Écrivain espagnol d’expression française, né à Melilla, Maroc. Une enfance marquée par la mort de son père, victime de la dictature de Franco (l’œuvre d’Arrabal sera peuplée de traîneurs de sabre fous ou criminels). En 1955, il s’établit de façon définitive en France et ses œuvres seront écrites directement en français. C’est au théâtre, d’abord, qu’il se fait connaître en 1959 : Baal Babylone, qui sera plus tard le sujet d’un de ses films, Viva la muerte. Mis à part un second film, J’irai comme un cheval fou (1973), Arrabal n’a cessé d’être fasciné par le théâtre (bien que son succès ait un peu tardé à s’y affirmer) ; car c’est bien là qu’a pu se déployer sa frénésie de rythmes visuels, de symétrie scénique (« rimes de l’action », selon l’expression de Queneau), de rituel enfin : Pique-nique en campagne (1959), Le Cimetière des voitures (1966), L’Architecte et l'empereur d'Assyrie (1967), Et ils passèrent des menottes aux fleurs (1969), Sur le fil (1974), La Cervelle du jaguar (1978), L'Extravagante Croisade d'un castrat amoureux (1989). C’est sans doute dans Le Cimetière des voitures (un terrain vague où se sont installés à vie de singuliers squatters, hommes et femmes, dont un trompettiste et un saxophoniste muet) que Fernando Arrabal parvient le mieux à développer son « théâtre panique » - la formule est de lui - et à laisser cohabiter ces extrêmes que sont, dit-il, la tragédie et le guignol [...], le mauvais goût et le raffinement esthétique, le sacrilège et le sacré.
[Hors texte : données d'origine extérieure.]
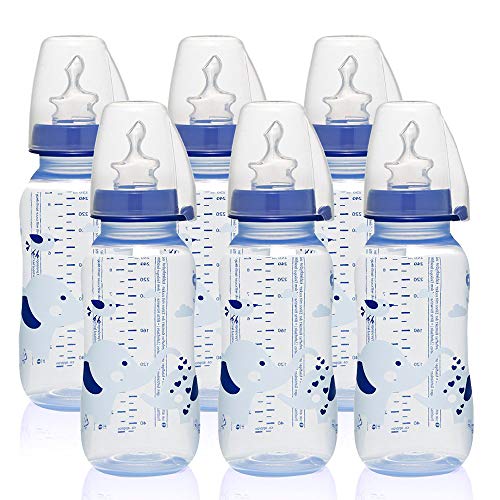 NIP PP biberón juedo de 6, Boys, 6 x 250ml, BPA free, made in Germany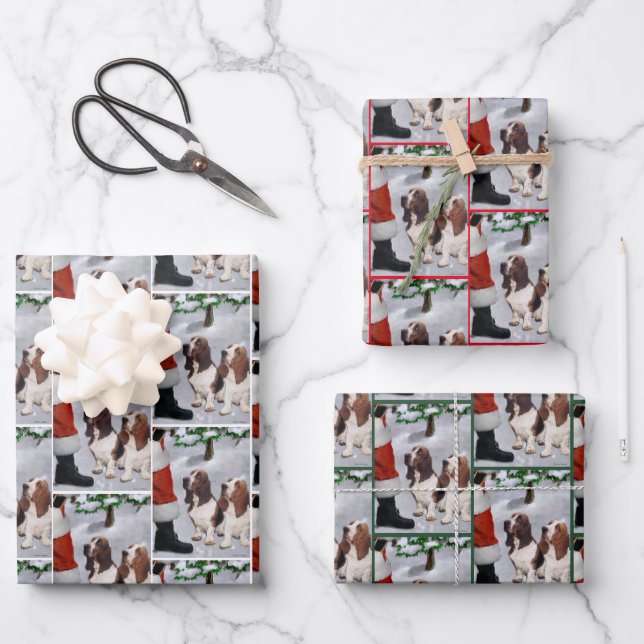 Basset Hound Christmas Wrapping Paper Sheet (Front)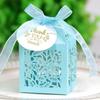 50pcs Baby Shower Candy Box Hollow Rose Flower Gift Box with Ribbon for Valentines Day Wedding Decoration Birthday Party
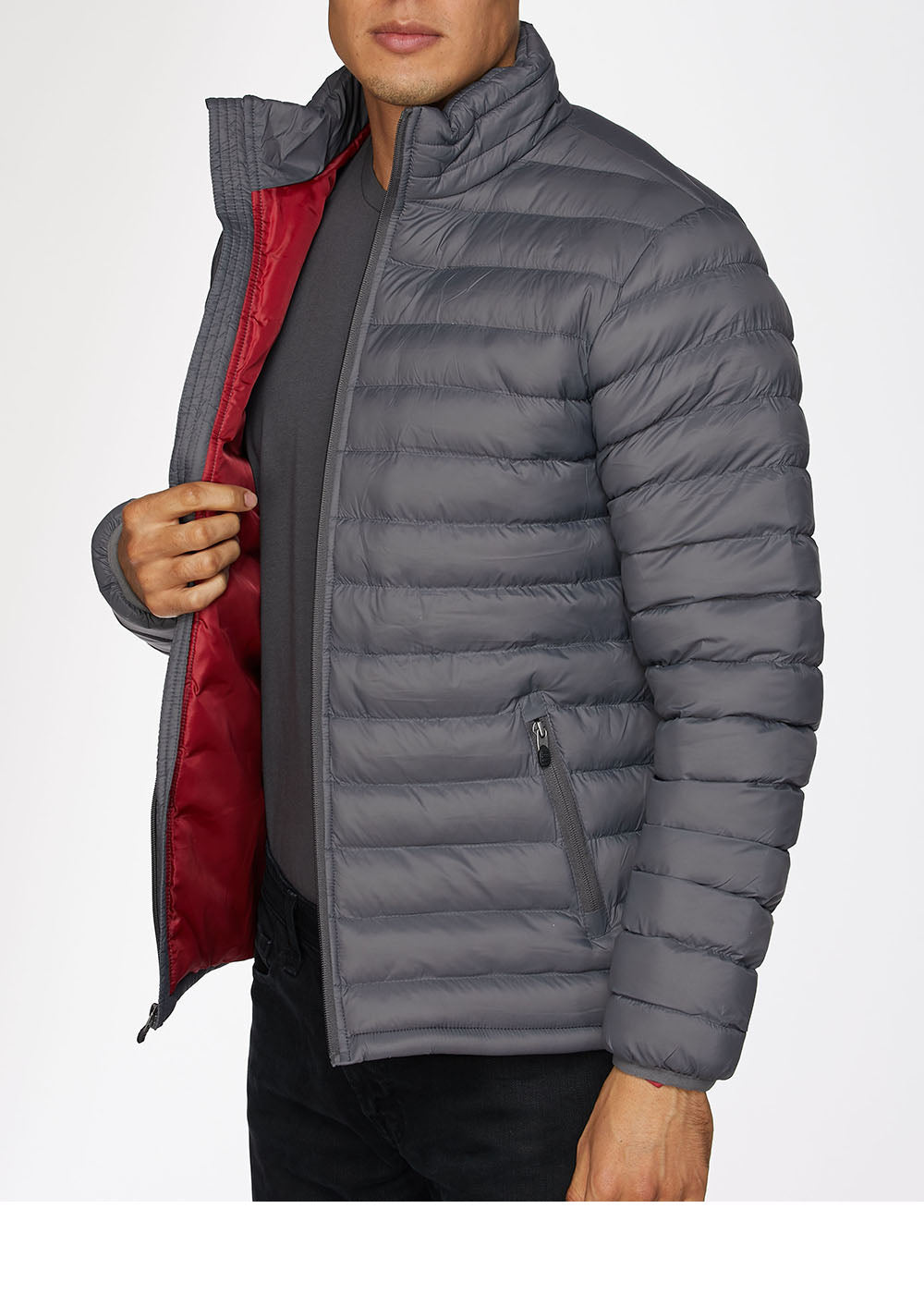 Men's Nylon Quilted Puffer Jacket-NJ640-Charcoal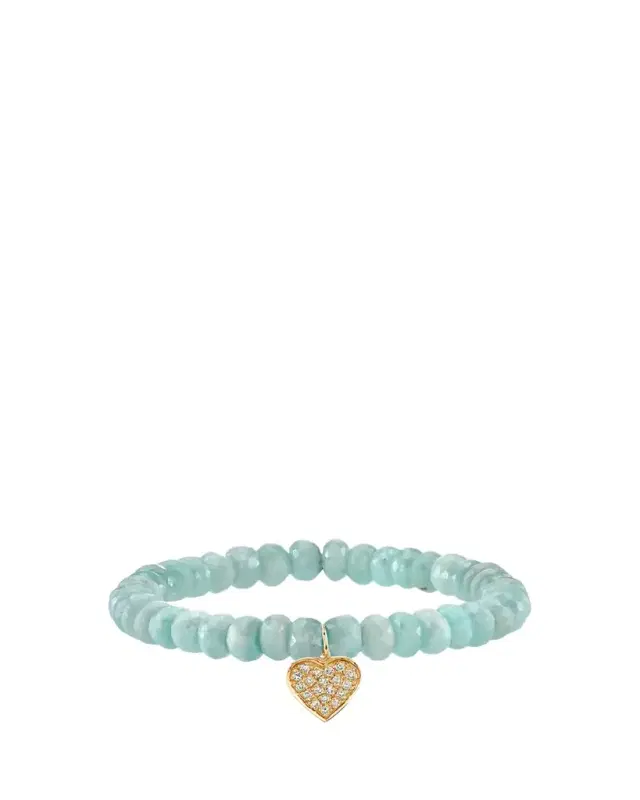 Sydney Evan 14K Diamond Pave Heart Charm on Amazonite Bracelet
Notons cette dernière formule, « le sacrilège et le sacré », qui est un fulgurant raccourci de toute l’œuvre dramatique d’Arrabal (et, ajoute-t-il à titre d’exemple : On voit dans « Le Cimetière des voitures » un Christ qui tue et qui vole. Ça ne me choque pas car en fait, nous sommes tous capables de tout). Antonin Artaud aurait acclamé en Fernando Arrabal la dramaturgie dont il s’était fait le théoricien et l’annonciateur: le « théâtre de la cruauté ».


■ Œuvres - En poche: L'Architecte et l'empereur d'Assyrie, Et ils passèrent des menottes aux fleurs, L'Aurore rouge et noir (10/18). - le Grand Cérémonial, Cérémonie pour un Noir assassiné, Le Jardin des délices, Bestialité érotique (id.). - Viva la muerte, Baal Babylone (id.).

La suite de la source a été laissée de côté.